By Greg MuttittNiqash
June 15, 2006
It is an old cliché that politics is too important to be left to the politicians. But are new moves to decide the future shape of Iraq's oil industry happening too fast to achieve public consensus – on issues that could both redraw the map and rewrite the history of Iraq? The new Oil Minister, Husayn al-Sharistani, announced on Saturday that within two months he will draft legislation to govern Iraq's oil sector, and aims to have his oil law passed by Parliament by the end of the year. The law will define the relative roles of the federal government, of the regions and governorates, and of private companies. The issues could hardly be more important.

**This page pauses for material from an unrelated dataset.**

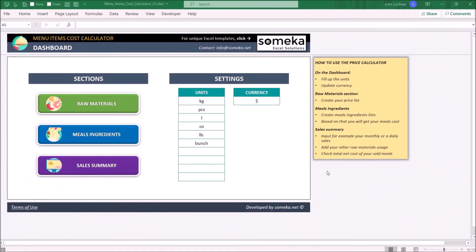Hello and welcome to Someka Menu Items Cost Calculator. This tool mainly helps you to calculate your total cost of raw materials and sales costs.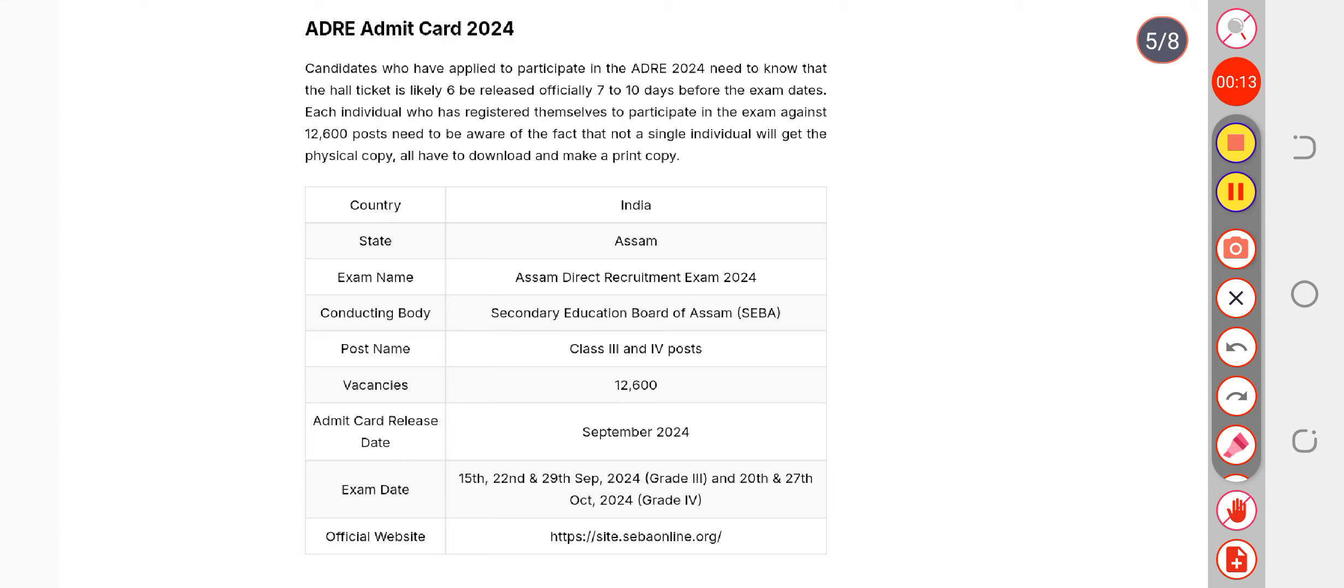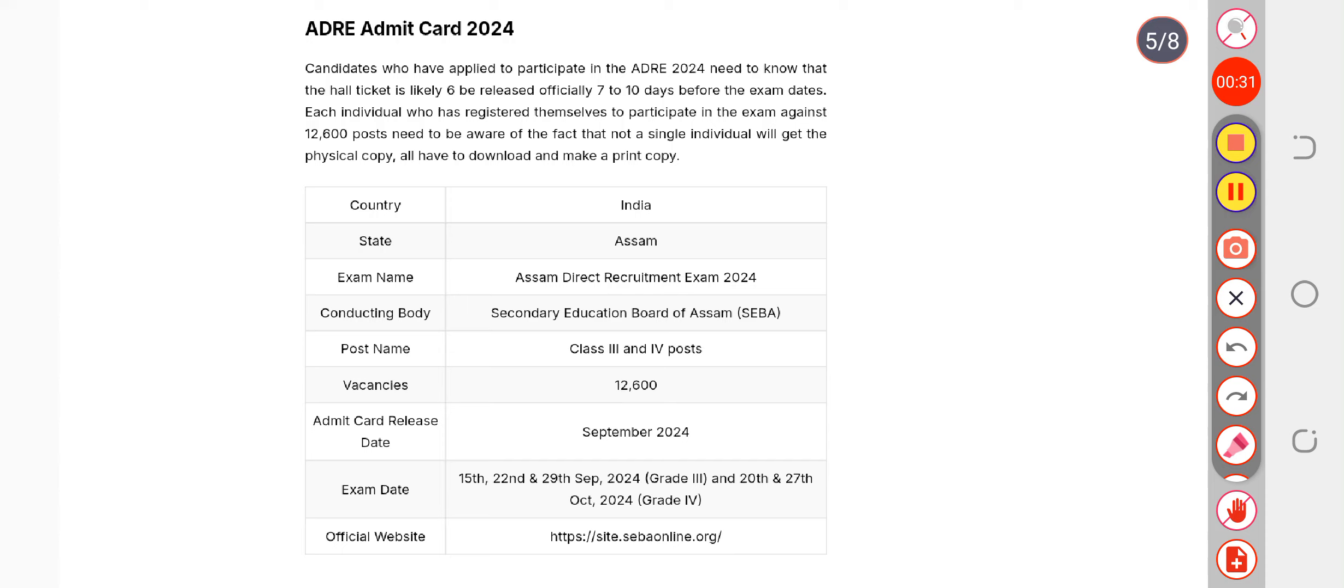The admit card should be released in the afternoon between 1 to 2 PM. If the authority still has not released it, the board will definitely release it after 4 to 5 PM. So you can be active at that time.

The degree of centralisation in the control of oil, and the revenues from it, are important aspects of the question of federalism. If misjudged – either by denying a fair share to the regions in which oil is located, or by giving regions too much autonomy at the expense of national cohesion – these oil decisions could fracture, and ultimately break apart, the country. However, given that the federalism issue is one of the most contentious aspects of the constitution, it is surprising that the oil law will be drafted – and possibly even passed – before the constitutional review process is complete. Meanwhile, while there has been discussion on the question of the split of revenues between the centre and the regions, there has been almost no debate on the split between state entities and private companies.

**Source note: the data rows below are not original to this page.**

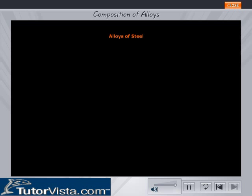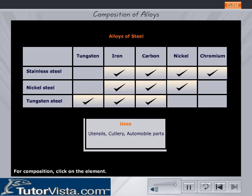Alloys of Steel. The rows represent the three alloys of steel. The columns represent the metals that the alloys are composed of. The metals forming each alloy are represented by tick marks under the respective metal columns. To find the percentage of the metals, click on the tick marks under the metal columns.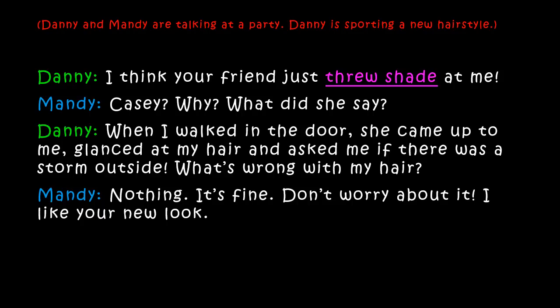Danny goes to Mandy and says, 'I think your friend just threw shade at me.' Mandy replies, 'Casey? Why? What did she say?' Danny explains, 'When I walked in the door, she came up to me, glanced at my hair and asked me if there was a storm outside. What's wrong with my hair?' Mandy says, 'Nothing, it's fine. Don't worry about it. I like your new look.'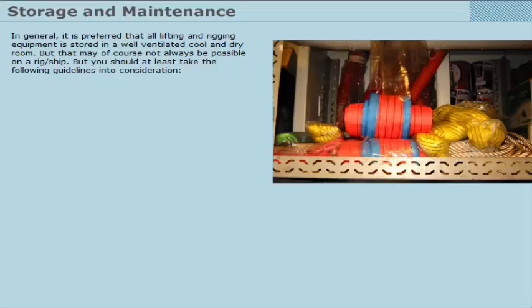In general, it is preferred that all lifting and rigging equipment is stored in a well-ventilated, cool, and dry room. But that may, of course, not always be possible on a rig or ship. But you should at least take the following guidelines into consideration.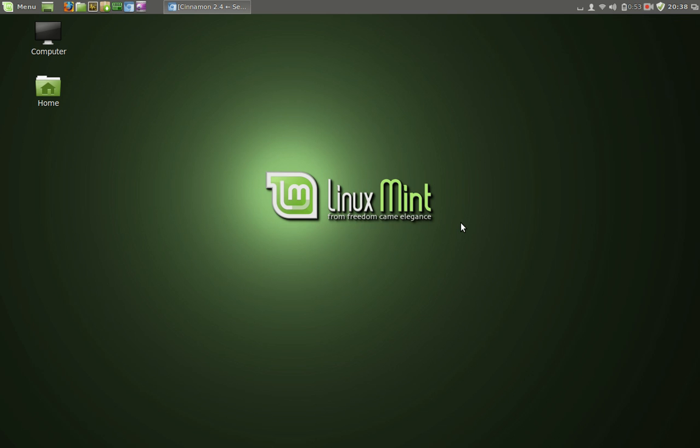What's up people, welcome back. I just got this off the news wire and I have to tell you, if you are a big fan of Linux Mint, especially the Cinnamon Edition, you definitely will want to take a look at this.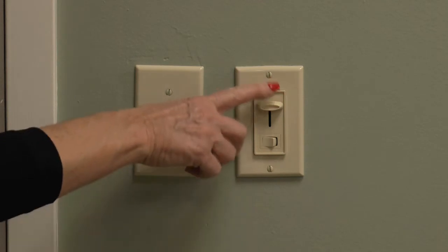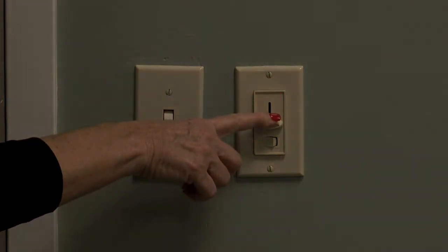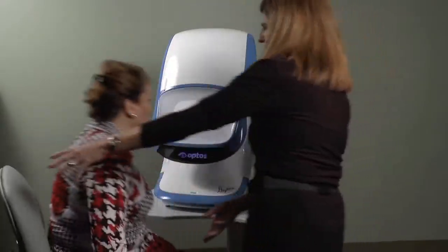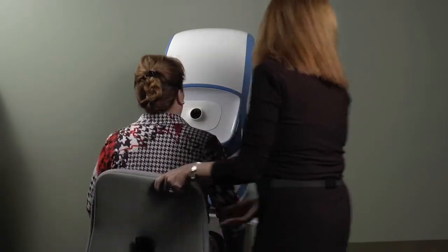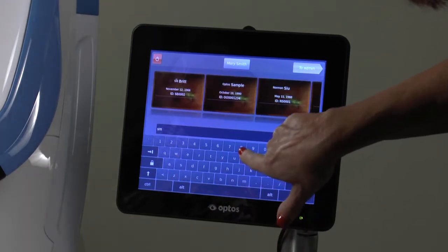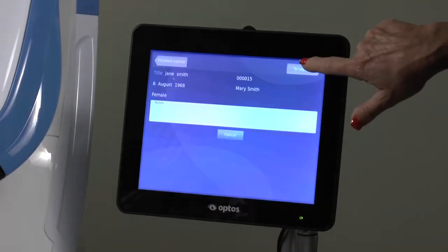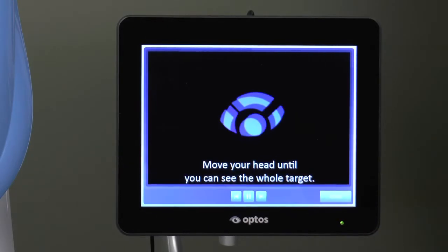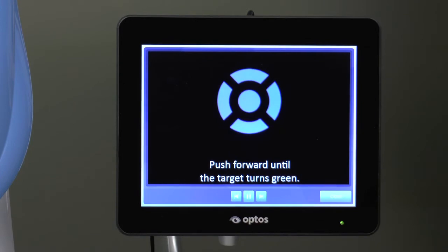Dim the lighting in the room to achieve maximum natural dilation of the pupils before attempting to capture an image. Have the patient sit in the chair and move in close to the device. Pull up the existing patient record by typing in the first few letters of their last name, then select the appropriate patient and press the capture button at top right. Tapping on the question mark at the bottom right-hand corner of the screen launches an animated video that demonstrates what the patient will see when they look into the device and how to determine when they are correctly aligned. When the video is finished, tap the close button.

Just three days after his appointment, Mr Al-Shahristani told a press conference that he planned to sign contracts with "the largest oil companies". This would be the first time for more than thirty years that foreign companies have a major stake in Iraq's oil. Oil was brought into public ownership and control in a process that began with Law 80 of 1961, to be completed in 1975. Public ownership of natural resources and industry is an issue about which many Iraqis feel very strongly. Yet decisions made in the coming months will not be reversible, as once contracts are signed, they will have a major bearing on Iraq's economy and politics for decades to come, especially as oil accounts for more than 90% of government revenue.

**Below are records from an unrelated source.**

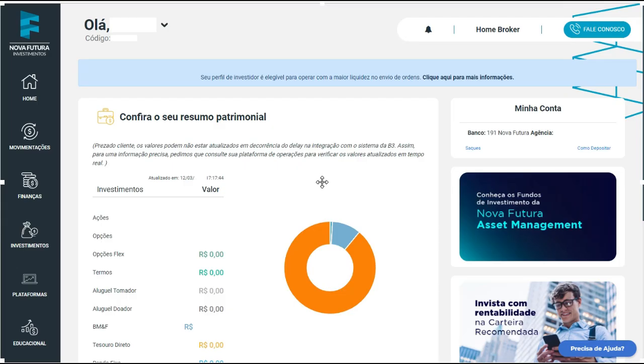Fala pessoal, sou o Sheik, e vamos aqui para mais um vídeo do canal, com essa sériezinha para iniciantes no mercado financeiro.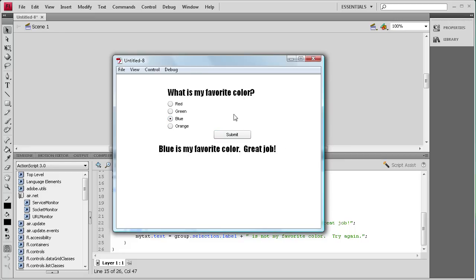So you can see how radio buttons can be used in Flash from this demonstration. A lot of people like to use them on forms — maybe for a male/female selection, or you can make polls. There are a lot of different applications. I hope you learned something about radio buttons from this tutorial. Don't forget to subscribe, rate, and comment. I'll see you tomorrow with another component tutorial. Thanks for watching.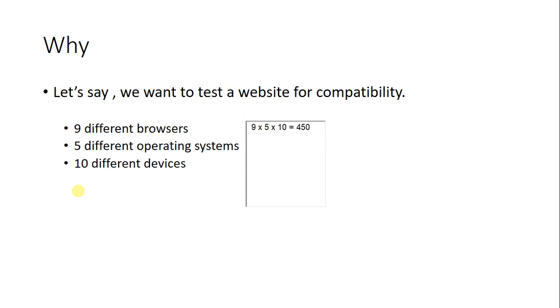So the logic of pairwise testing is we will test the fields for bugs in the form of pairs. To further elaborate this idea of pairwise testing, you need to watch the next videos.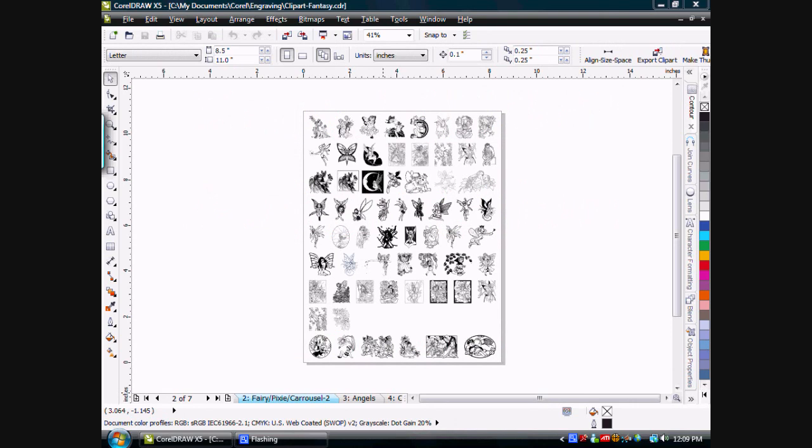I store my clip art in a library file in CorelDRAW. Rather than storing individual graphics in individual files, I'll store all like-type graphics together in one library file.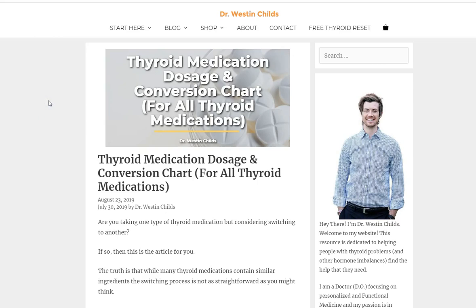Hi guys, it's Dr. Childs here. Today I'm going to be talking about thyroid medication dosing and how to convert between various different types of thyroid medications. We're going to be talking about this in detail and I'm going to be giving you at least three different charts. We're going to be talking about the importance of each of these charts and how to talk to your doctor.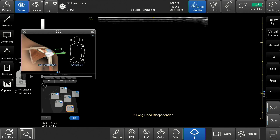Shoulder Diagram is a tool that is meant to aid the user during a shoulder assessment by allowing the user to document findings and assign them to specific anatomical zones on the left or right shoulder. The diagram contains a left and right side that the user can swipe between.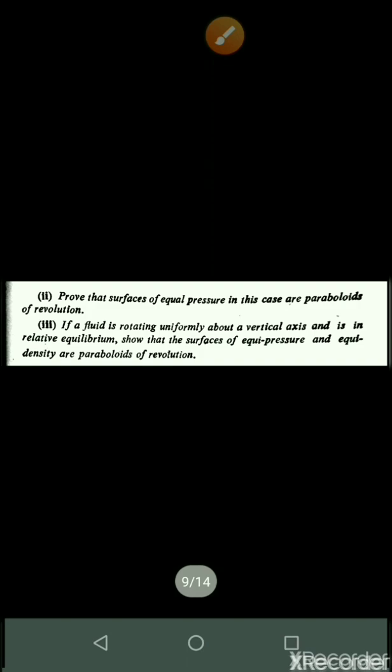Good morning students. Today the topic is equilibrium of fluid in a given field of force. We will find the pressure at any point of a fluid rotating with angular velocity about a vertical axis, and prove that surfaces of equal pressure in this case are paraboloids of revolution. Finally, if a fluid is rotating uniformly about a vertical axis and is in relative equilibrium, we will show that the surfaces of equal pressure and equal density are paraboloids of revolution.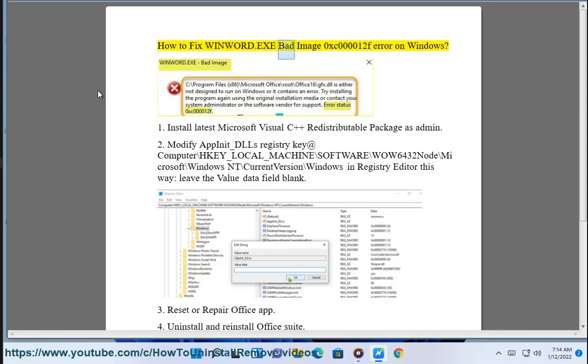How to fix winword.exe bad image 0xc000012f Error on Windows.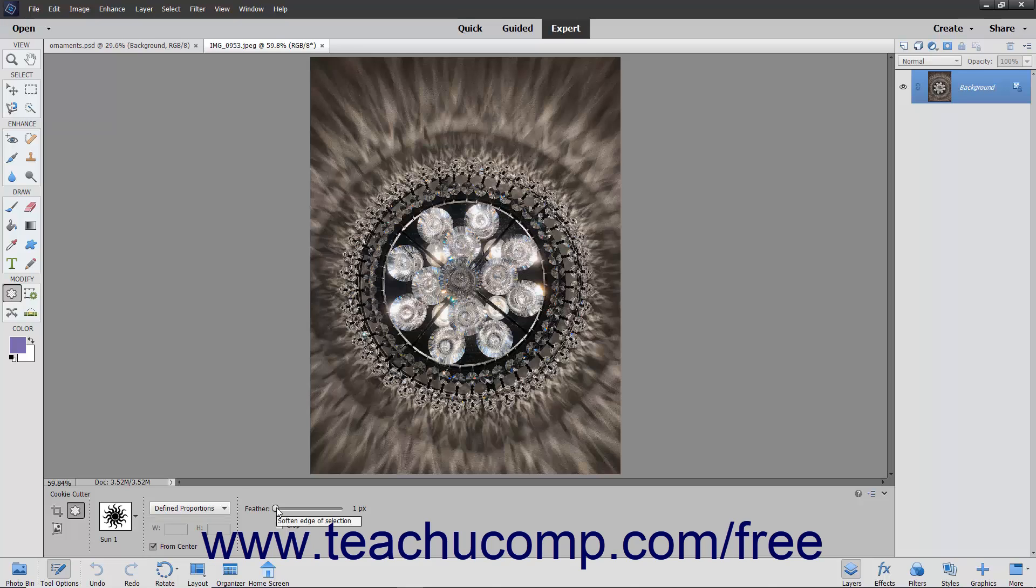You can use the Feather slider to soften the edges of the shape selection. Checking the Crop checkbox will trim the image to the bounding box that contains the created shape.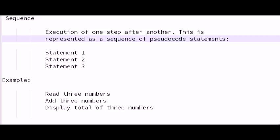So the first sequence is reading the three numbers. The second sequence is adding those three numbers. And the third sequence is displaying a total of those three numbers, or the sum of the numbers.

"Federalism" and "privatisation" are not the only potentially divisive issues. The oil industry – like the rest of the country – has been plagued by corruption, and by the worsening security situation. The oil law will have an impact on both problems. A transparent and coordinated approach will be necessary in the fight against corruption. On the other hand, if deals with foreign companies are seen as secretive or unfair, they will only feed resentment, and in consequence the violence that has gripped the country.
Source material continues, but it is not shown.